▶ **Source material**
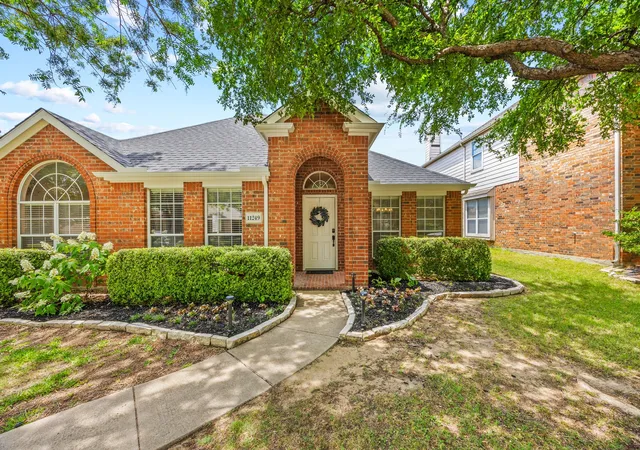 Homes for sale in Frisco, TX | 11249 Las Polamas Dr, Frisco, TX 75033 | MLS# 21259393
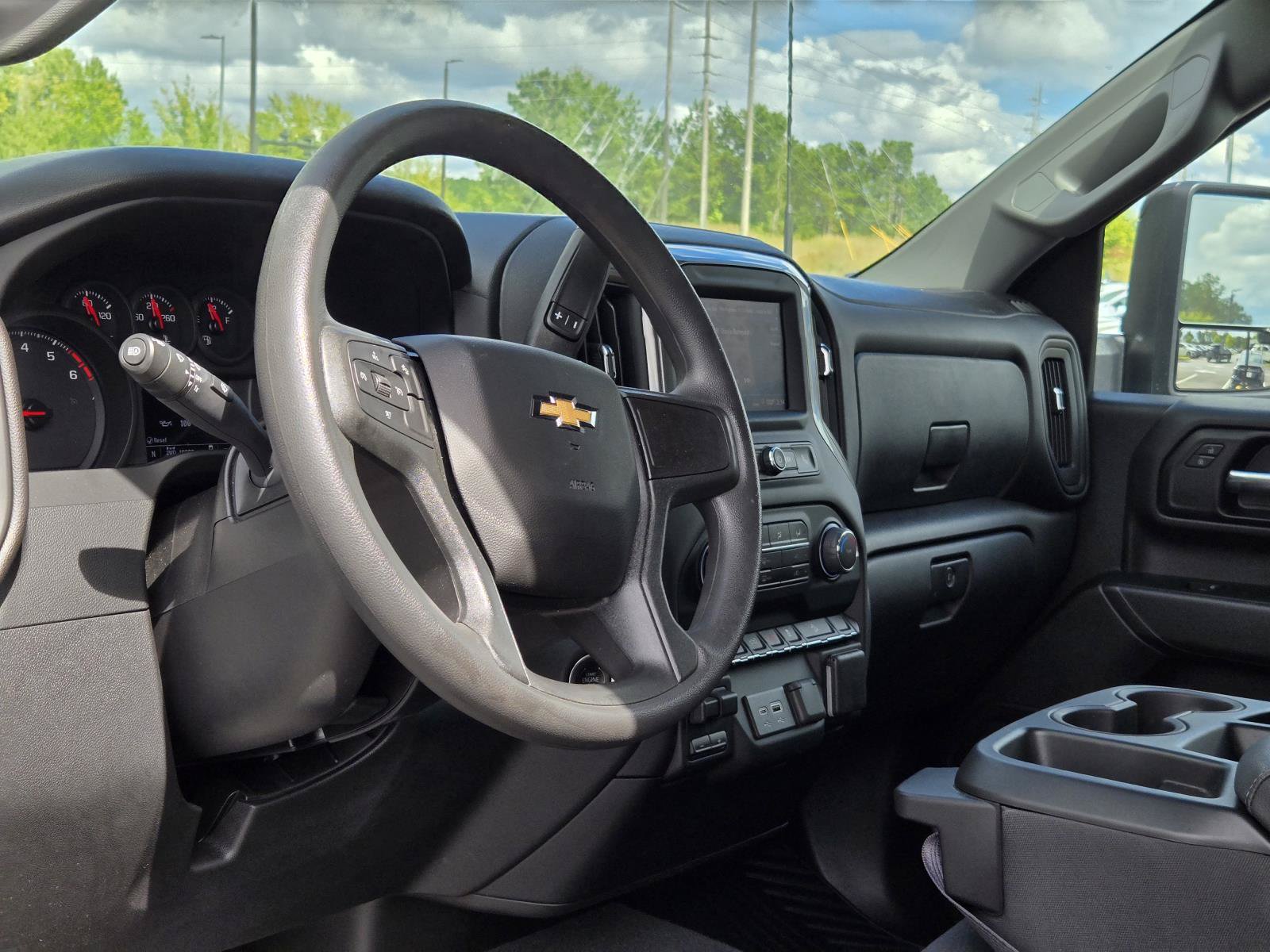 Used 2024 Chevrolet Silverado 2500 Custom w/ Custom Value Package AWD/4WD image 17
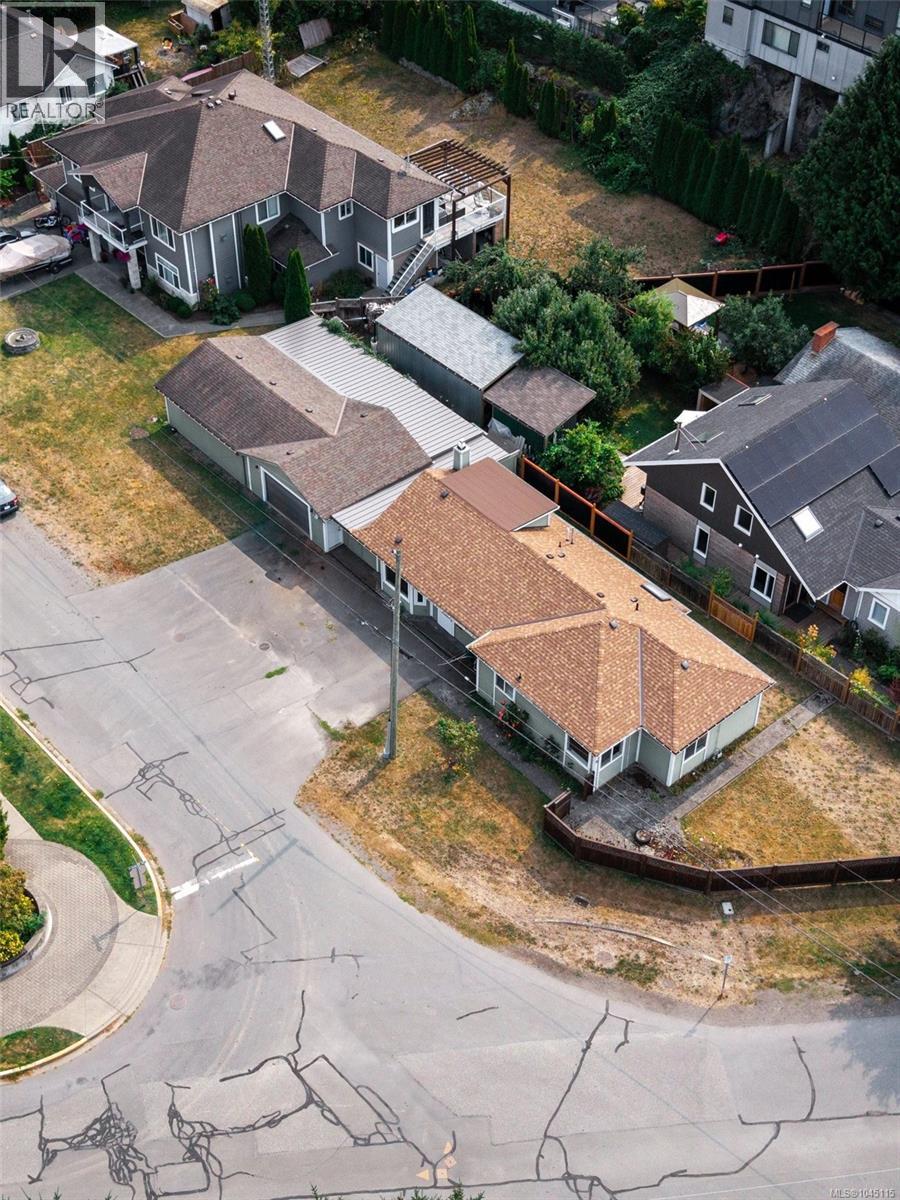 9 Camden Ave, View Royal, British Columbia  V8Z 1P6 - Photo 41 - 1045115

▶ **What is being asked**
One exact copy of the data, no pictures: write it out line for line.

▶ **Written answer**
 Homes for sale in Frisco, TX | 11249 Las Polamas Dr, Frisco, TX 75033 | MLS# 21259393
 Used 2024 Chevrolet Silverado 2500 Custom w/ Custom Value Package AWD/4WD image 17
 9 Camden Ave, View Royal, British Columbia  V8Z 1P6 - Photo 41 - 1045115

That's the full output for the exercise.